A key element of the Lab's work to date has been the securing of support from the Fulbright Commission to create the appointment of a Distinguished Chair in 2010/11 and the appointment of Visiting Professors in the years 2011-14.

Fulbright Year One

From September 2010 to April 2011, the Urban Lab welcomed Prof Ann Markusen (Professor and Director of the Project on Regional and Industrial Economics at the Humphrey Institute of Public Affairs, University of Minnesota), to the Fulbright Distinguished Chair position. Markusen's work has significantly strengthened the Lab's objective to be cross-disciplinary.

Ann Markusen spent her time with the Lab undertaking two substantial research projects and giving a public lecture series that started in Glasgow and included some ten other events around the UK and in Europe. Research in Glasgow involved creating a study group of 25 key individuals from around the city and spending the winter and spring developing and delivering a series of six seminars, theGlasgow Conversations, with invited city policy-makers, thinkers, commentators and executives (from the public and private sectors). A resulting publication,Conversations on Glasgow, to coincide with Glasgow's European City of the Year, was completed in December 2011 and is available as a pdf from this website.

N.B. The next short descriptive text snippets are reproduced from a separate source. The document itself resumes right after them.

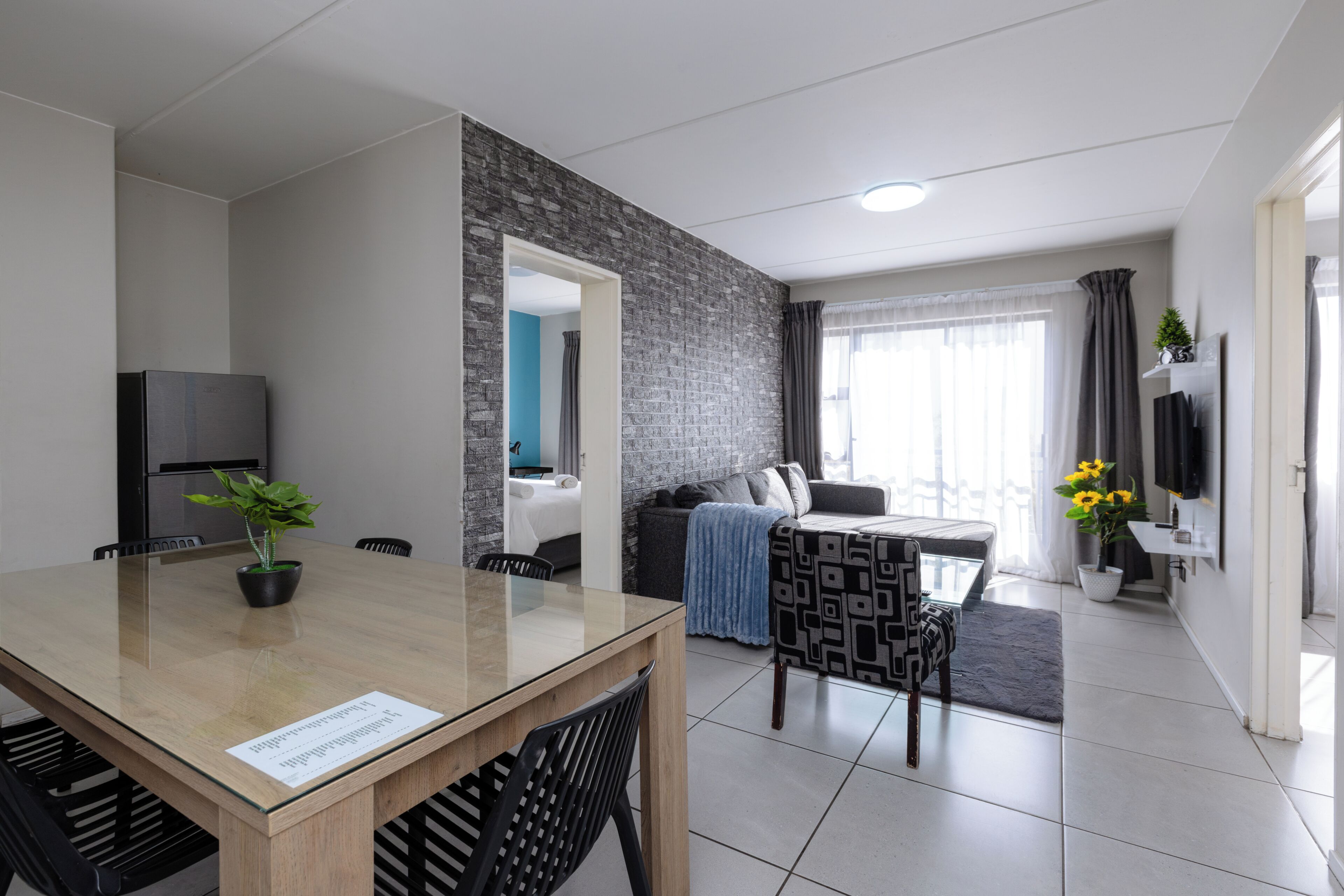 Una habitación de hotel moderna con comedor, sala de estar y televisión.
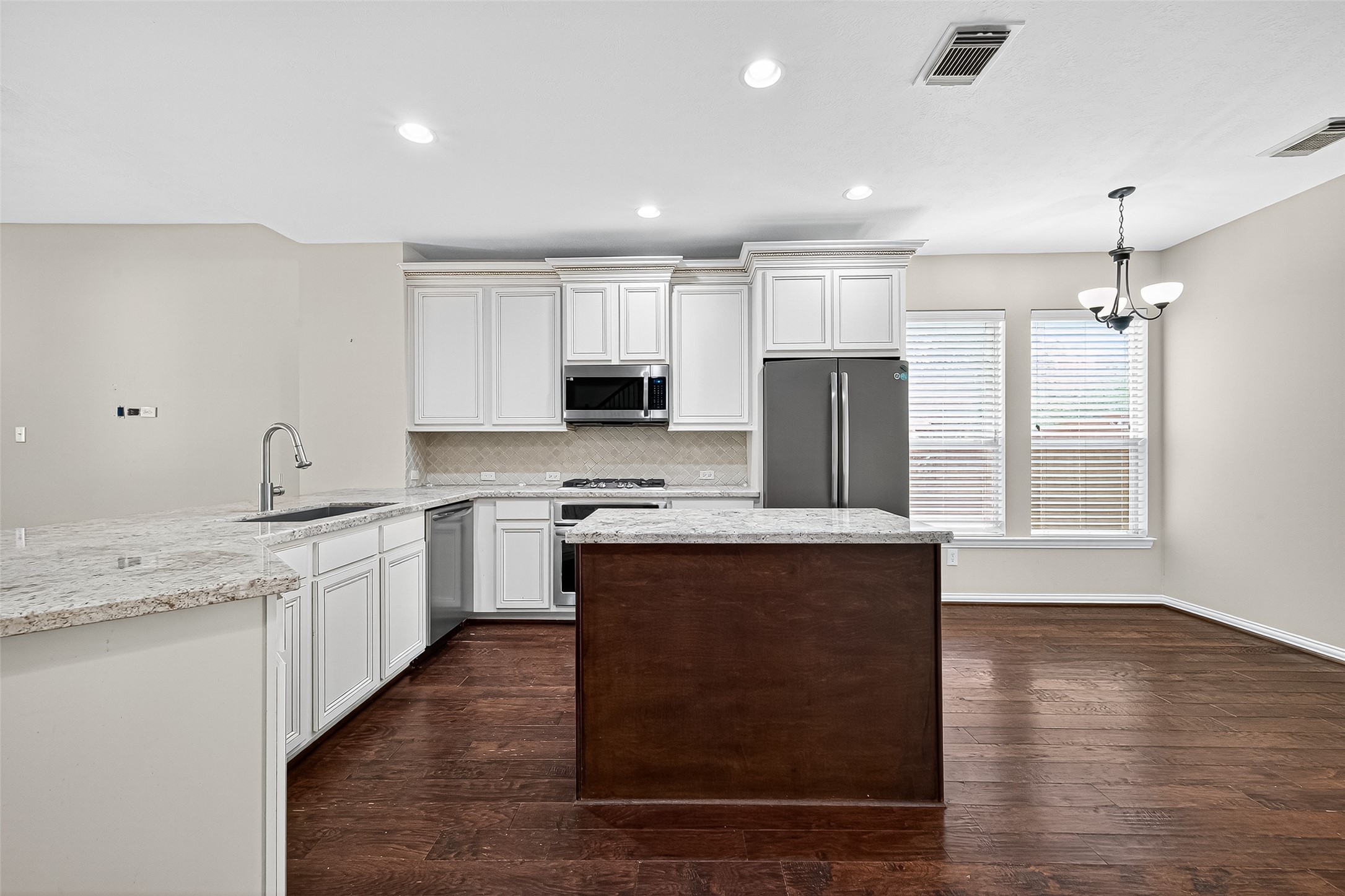 30 Whetstone Ridge Way The Woodlands, TX 77382 - Photo 21 of 39 a kitchen with stainless steel appliances granite countertop a stove a sink dishwasher a refrigerator and white cabinets with wooden floor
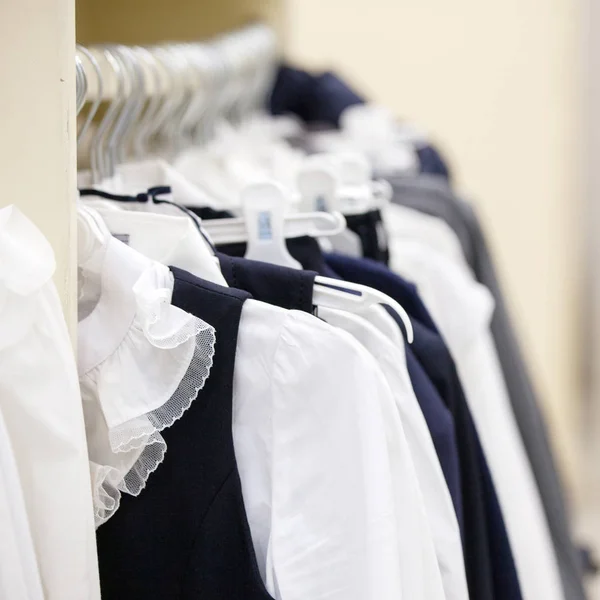 Hanger with shirts in a store — Stock Photo, Image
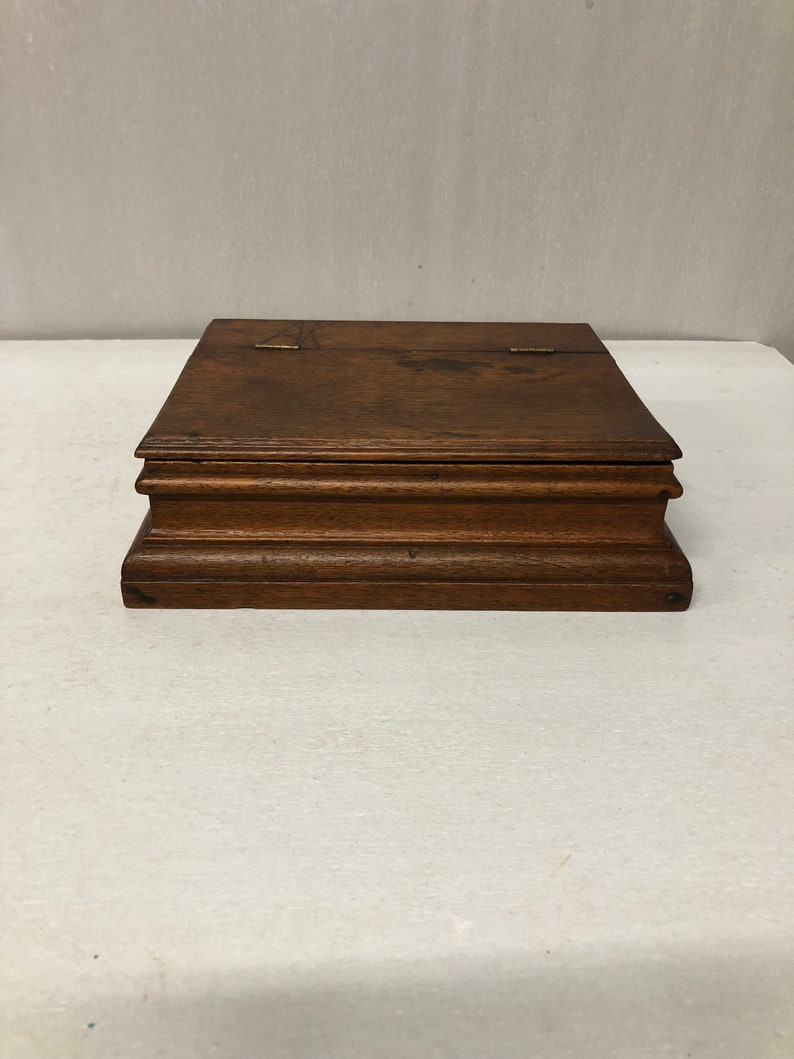 May include: A dark brown wooden box with a hinged lid and brass hinges. The box has a simple, rectangular shape and a smooth, polished finish.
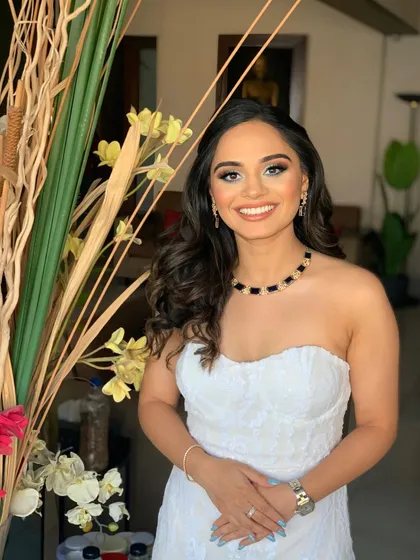 I love bringing a theme to life through makeup. For Priyanka's Greece-themed engagement party, we went with a fresh, sun-kissed look with shimmering eyes, paired with her beautiful white strapless dress.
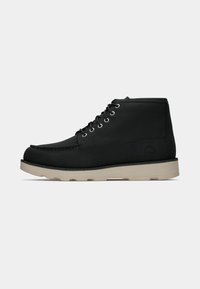 Black ankle boots featuring a suede upper, round toe, six metal eyelets, and a beige rubber sole with a textured pattern.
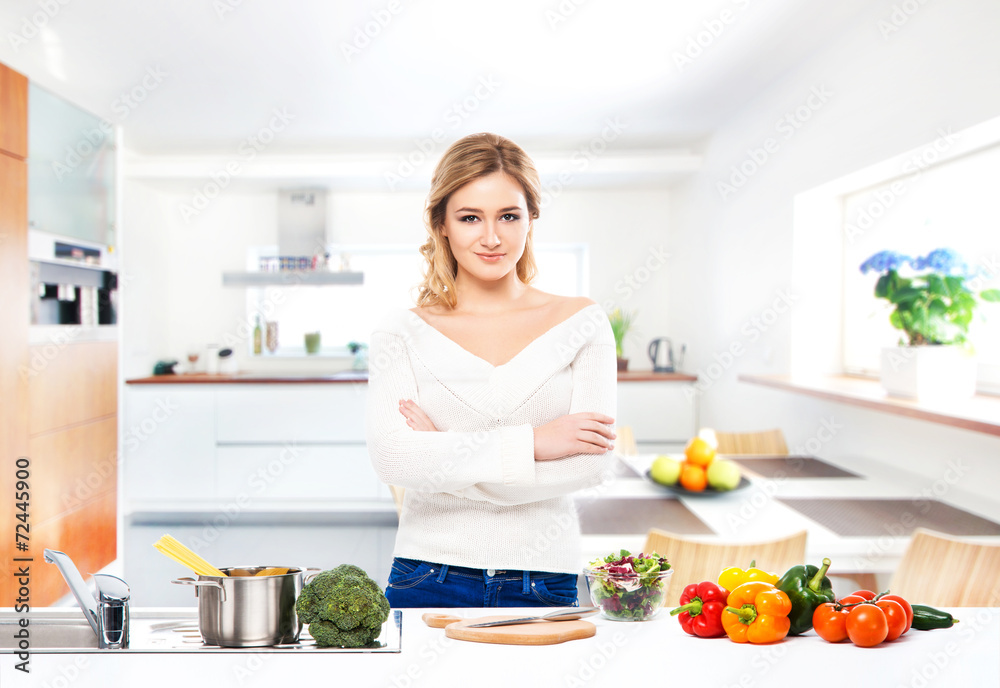 Young and beautiful housewife woman cooking in a kitchen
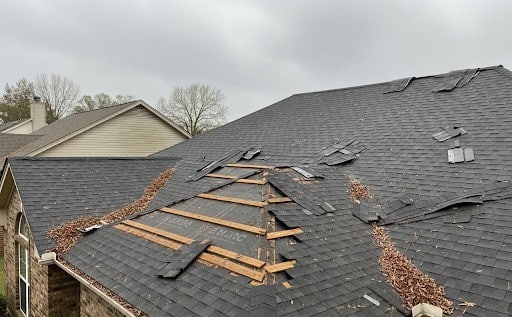 residential roof in Lafayette with missing shingles and exposed underlayment after strong winds, requiring help from Lafayette LA Wind Damage Repair expert
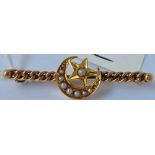 A pretty pearl and high ct gold bar brooch with crescent and star design - 2.6 gms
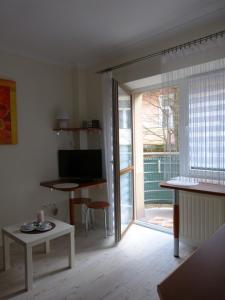 a living room with a sliding glass door to a patio at Apartament 210 in Krynica Zdrój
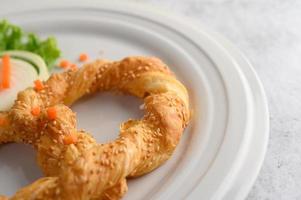 bretzel sur un plat blanc avec laitue et carottes photo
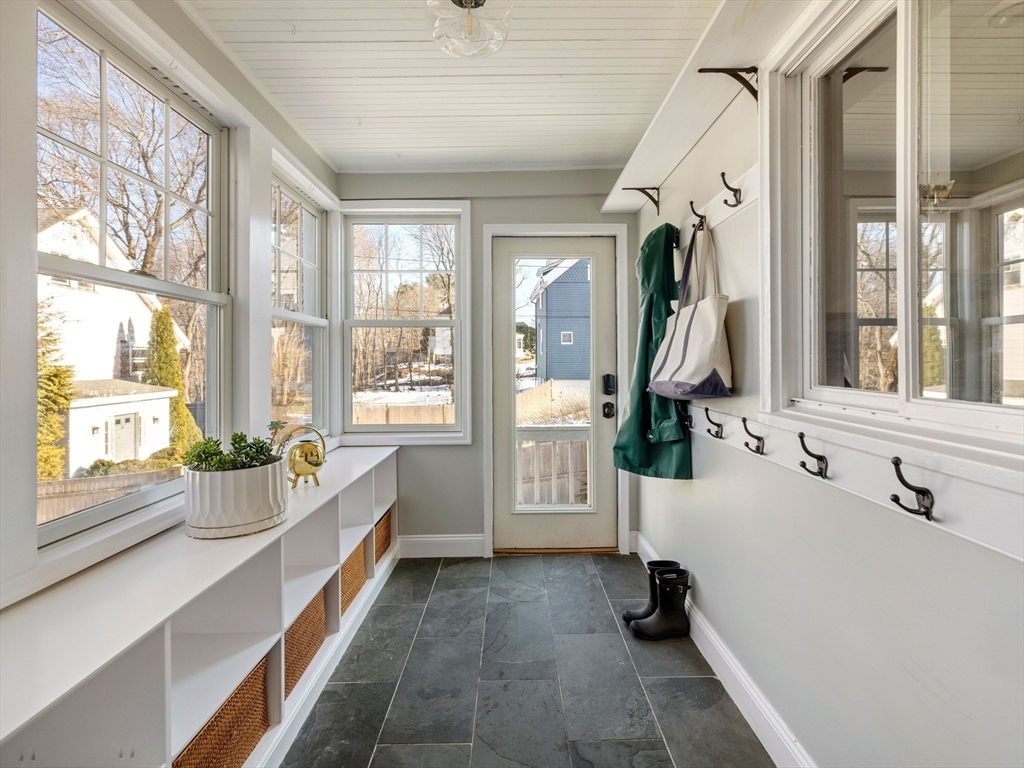 4 Latisquama Road Southborough, MA 01772 - Photo 25 of 42 a bathroom with a tub a window and mirror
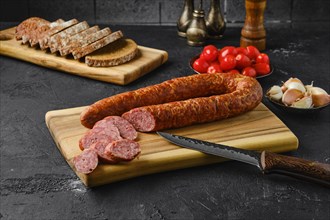 Smoked beef sausage rings on wooden cutting board on kitchen table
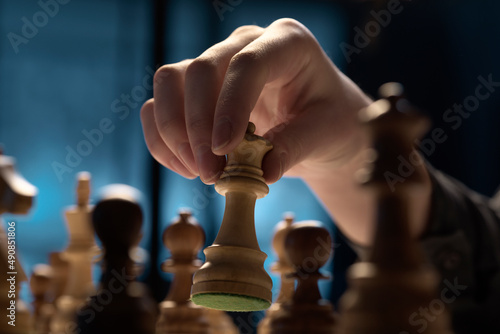 Man playing chess game and moving the queen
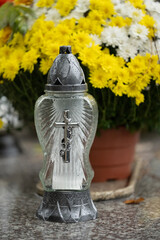 Lantern and flowers on the grave on All Saints' Day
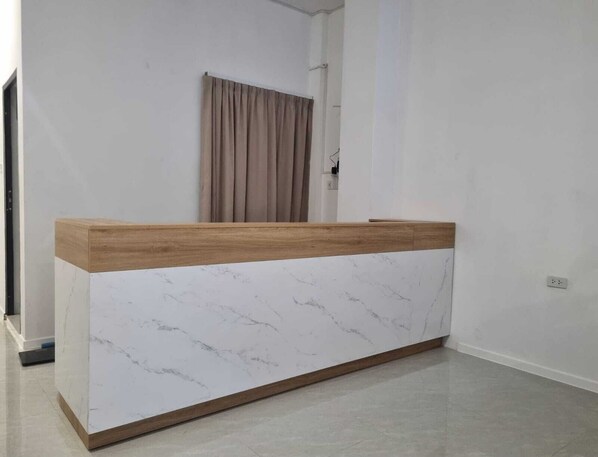 Ein Empfangsschalter mit Marmorplatte und Holzfuß, ein beiger Vorhang und eine weiße Wand.
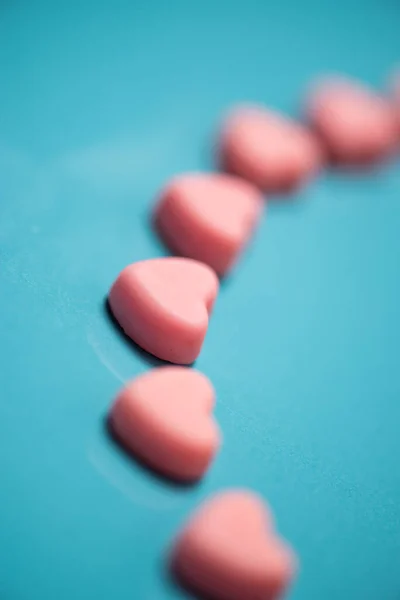 Heart Shaped Pills Blue Background — Photo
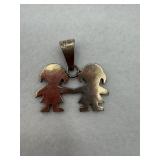 A sterling silver pendant of two children holding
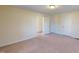 Bedroom with carpet, neutral walls, and doors to other rooms at 308 E First St, Princeton, NC 27569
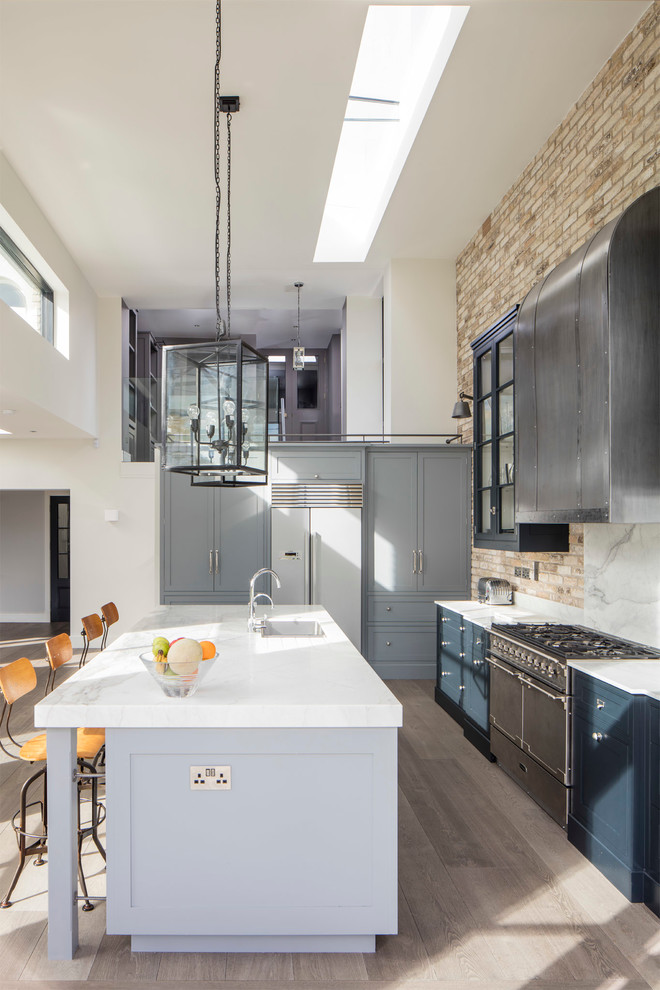 This is an example of a mid-sized industrial eat-in kitchen in Dublin with an undermount sink, shaker cabinets, grey cabinets, marble benchtops, stone slab splashback, stainless steel appliances, medium hardwood floors and with island.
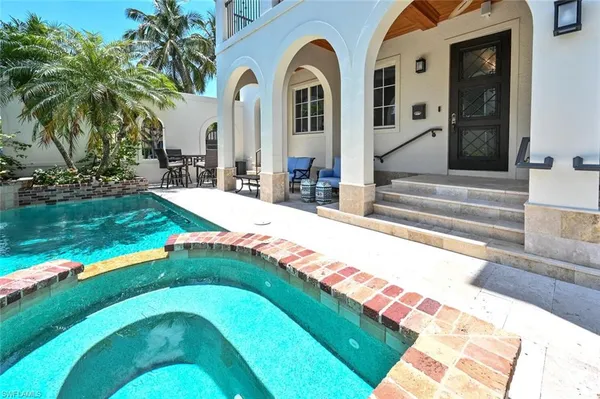 a view of a house with a swimming pool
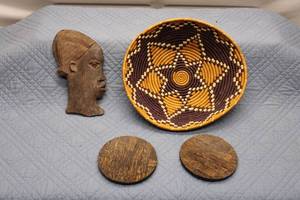 lot 8 image: African Art Collection Two Carved Wooden Faces and Handwoven Decorative Basket with Coasters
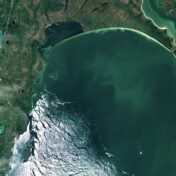 Satellite image of Lake Winnipeg's southern basin, showing the lake's teal-green water surrounded by flat agricultural land and boreal terrain in Manitoba, Canada. Partial ice cover is visible in the lower portion of the lake.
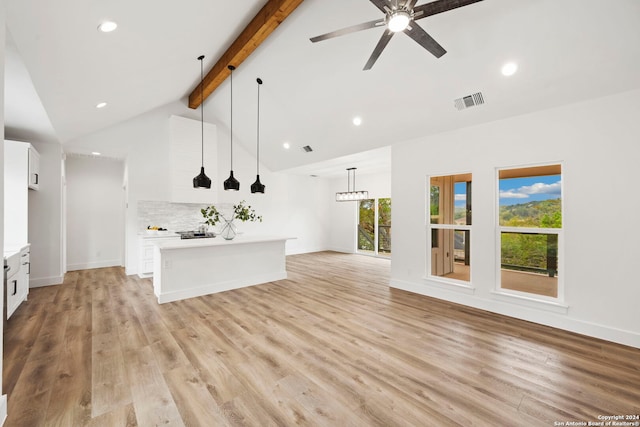 kitchen featuring beamed ceiling, light hardwood / wood-style floors, white cabinetry, and hanging light fixtures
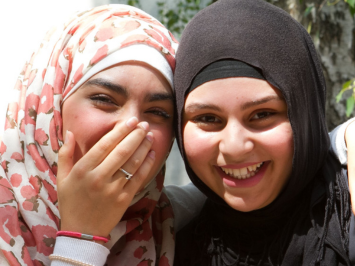 Zwei ungefähr 13 jährige Freundinnen. Das linke Mädchen hält ihre Hand vor das Gesicht, das rechte Mädchen lächelt direkt in die Kamera.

Simultaneously, Markusen carried out research into the growth of the arts and cultural industries in four UK cities (Manchester, Sheffield, Newcastle and Glasgow; outcomes to be disseminated winter 2012) and invited guest lecturers to the Urban Lab and the MSA.

Fulbright Year Two

Our second Fulbright appointment (January to July 2012) was Visiting Professor Juliana Maantay, who joined us from City University in New York. A Geographer with interests in Environmental Justice, Maantay brought valuable new knowledge and expertise that complements and extends the core research interests of the Lab, the MSA, the GSA generally and Glasgow City Council. Maantay's research is ongoing, with further UK/US collaborative studies planned.

Prof Juliana Maantay

Juliana Maantay is Professor of Urban and Environmental Geography at City University of New York and Director of the Geographical Information Science (GISc) Programme. Her research interests include using GISc for spatial analyses of environmental health and justice issues; the impacts of land use and the built environment on health; urban hazards and risk assessment; and community-based participatory research.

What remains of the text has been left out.